Cohen: There are some insurance policies that can help. While policies generally require damage to the property of a utility supplier, there also is coverage for your loss of income or burden of extra expense. For example, impounded water coverage applies in the event that water is used as a raw material - for power or in a manufacturing process. Some policies have specific coverage for situations in which such necessary resources become unavailable. One caveat is that sometimes utilities coverage is limited in duration and often subject to waiting periods or deductibles, but businesses should always look for these specific provisions in policies.
Editor: What protection does an owner have when there is a government order that blocks off his premises from occupancy?
Cohen: That does happen. In mining accidents, for example, the government can shut down the mine for safety reasons and, as a result, all operations cease.

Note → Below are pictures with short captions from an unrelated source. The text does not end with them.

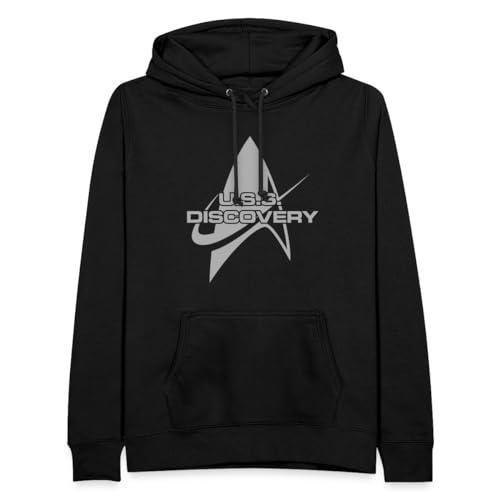 Spreadshirt Star Trek Discovery Delta Abzeichen Frauen Hoodie, S, Schwarz von Spreadshirt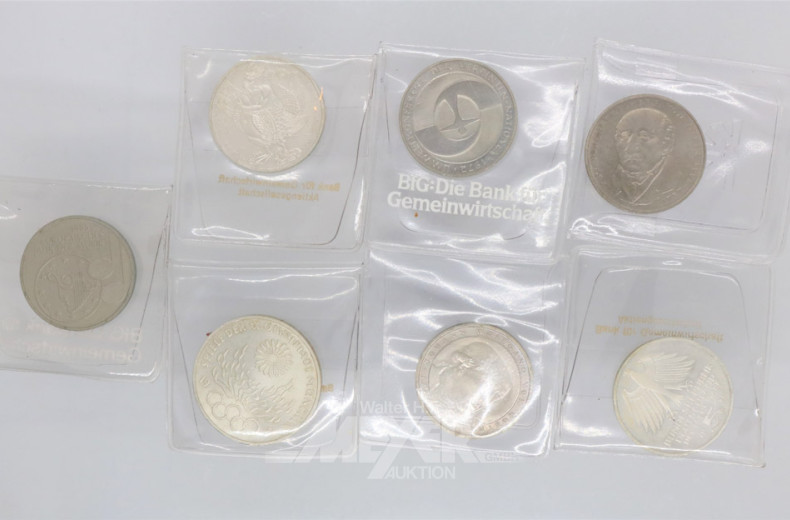 28 D-Mark-Münzen: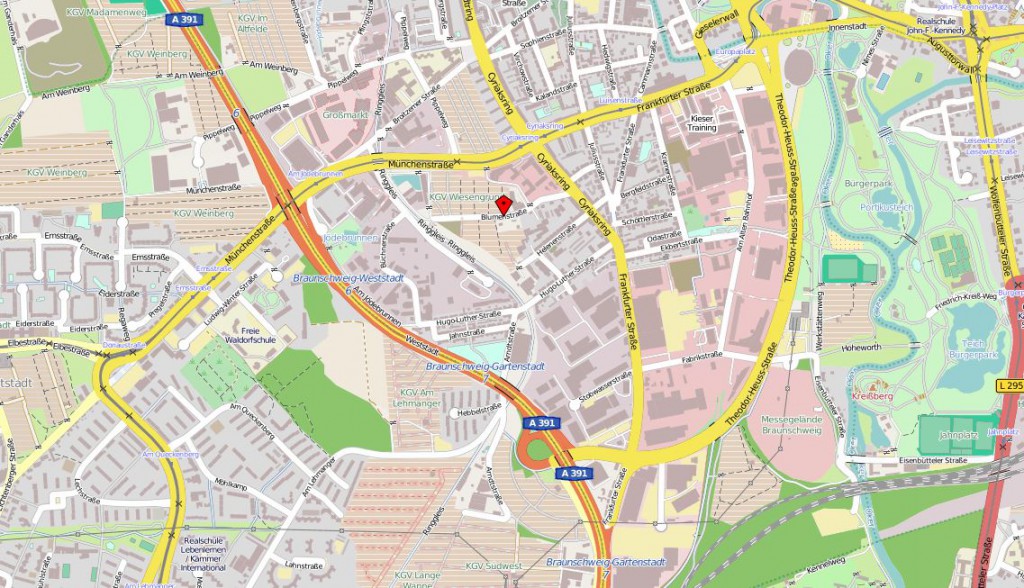 Daten von OpenStreetMap - Veröffentlicht unter ODbL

Unlike business interruption coverage, some policies require no physical damage to invoke the civil authority coverage. It is important to be aware of specific provisions in most business interruption policies that cover a civil authority intervening and blocking off access to the premises.
Editor: In light of the enormous and unforeseen losses in Japan, how can business owners respond today and plan for the future?
Cohen: In responding to disaster, the first step is to determine current coverage by locating and analyzing every active policy. Next, businesses should consult with a team of professionals - accountants, lawyers and brokers - and try to understand exactly what coverage is available. Most laypeople never actually read their policies and might have difficulty understanding insurance language; thus, a team of professionals can manage this process of identifying business and insurance issues.
Proactively, companies should identify business needs and purchase policies in advance that address those needs. Given that not every business can afford insurance to cover every possibility, companies must prioritize risks and then purchase policies that strategically cover as many as possible.